C’est vrai aussi que prêter serment est un spectacle un peu ridicule. Mais la soutenance de thèse est elle-même un exercice si codifiée que le ridicule, elle ne le craint pas. Et puis surtout, quand on sait la chute libre que connaît la liberté académique dans nos établissements maintenus sans moyens et placés en concurrence, ce n’est pas dans ce serment que le sort de la liberté académique se joue. Franchement.


Amicalement,
Christelle Rabier
_______________________

maîtresse de conférences en sciences sociales, Ehess (site Marseille)





Le ven. 3 févr. 2023 à 18:29, liliane.perez <athena AT services.cnrs.fr> a écrit :
Chères et chers collègues,

La 22e section du CNU vient d'adopter à l'unanimité, contre l'introduction du serment doctoral, la motion dont le texte est reproduit ci-dessous.

Bien cordialement,

Liliane Pérez.





Motion contre le serment doctoral adoptée à l’unanimité par la 22e section du CNU



3 février 2023



Attachée à la promotion et à la défense de l’intégrité scientifique dont elle est l’une des garantes avec les autres sections du Conseil national des Universités, la 22e section du CNU, réunie en session plénière, alerte la communauté universitaire sur les menaces graves que le serment des doctorantes et des doctorants, établi à compter du 1er janvier 2023, fait peser, par son existence comme par sa formulation, non seulement sur les libertés académiques, mais aussi sur le diplôme de doctorat lui-même, en introduisant le principe d’un contrôle moral de l’enseignement et de la recherche.
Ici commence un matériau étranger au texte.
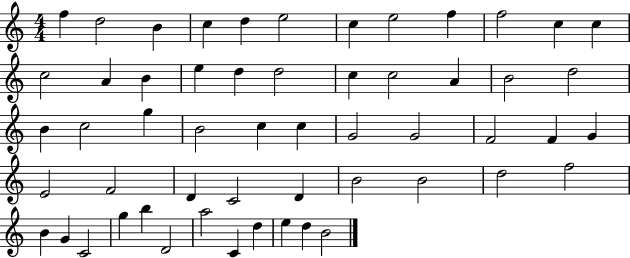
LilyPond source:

{
  \clef treble
  \numericTimeSignature
  \time 4/4
  \key c \major
  f''4 d''2 b'4 | c''4 d''4 e''2 | c''4 e''2 f''4 | f''2 c''4 c''4 | \break c''2 a'4 b'4 | e''4 d''4 d''2 | c''4 c''2 a'4 | b'2 d''2 | \break b'4 c''2 g''4 | b'2 c''4 c''4 | g'2 g'2 | f'2 f'4 g'4 | \break e'2 f'2 | d'4 c'2 d'4 | b'2 b'2 | d''2 f''2 | \break b'4 g'4 c'2 | g''4 b''4 d'2 | a''2 c'4 d''4 | e''4 d''4 b'2 | \break \bar "|."
}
Elle demande à la CP CNU de se saisir de la question et aux collègues des Sections juridiques de se pencher sur les textes et d’engager des recours contre eux par toutes les voies possibles ;



Elle appelle les Ecoles doctorales et la communauté universitaire dans son ensemble à résister collectivement, par tous les moyens possibles, à l’introduction de ce serment ;



Elle invite les doctorants et les doctorantes en cours de doctorat à refuser, comme la loi le leur permet, de signer des avenants à la charte des études doctorales de leur université qui introduiraient ce serment et à refuser de prêter ce serment en l’état ; elle demande à l’ensemble de la communauté universitaire de les soutenir dans cette démarche et de les protéger contre les éventuelles conséquences de celle-ci ;



Elle souligne que rien dans les textes (loi de 2020 ; article 19bis de l’arrêté de 2022) n’oblige à mentionner la prestation de ce serment, qui ne peut intervenir qu’ « à l’issue de la soutenance et en cas d’admission » au doctorat, dans les procès-verbaux de soutenance, dans les rapports des jurys ou encore dans les diplômes de doctorat ; elle engage en conséquence, dès à présent, les Ecoles doctorales et les collègues, par mesure de précaution et pour maintenir strictement ce serment dans une dimension symbolique, à ne le mentionner en aucune manière dans aucun de ces actes.



Elle exige enfin la suppression pure et simple de ce serment et rappelle que la loi et des instances collégiales représentatives comme le CNU encadrent et protègent déjà l’intégrité de la pratique scientifique.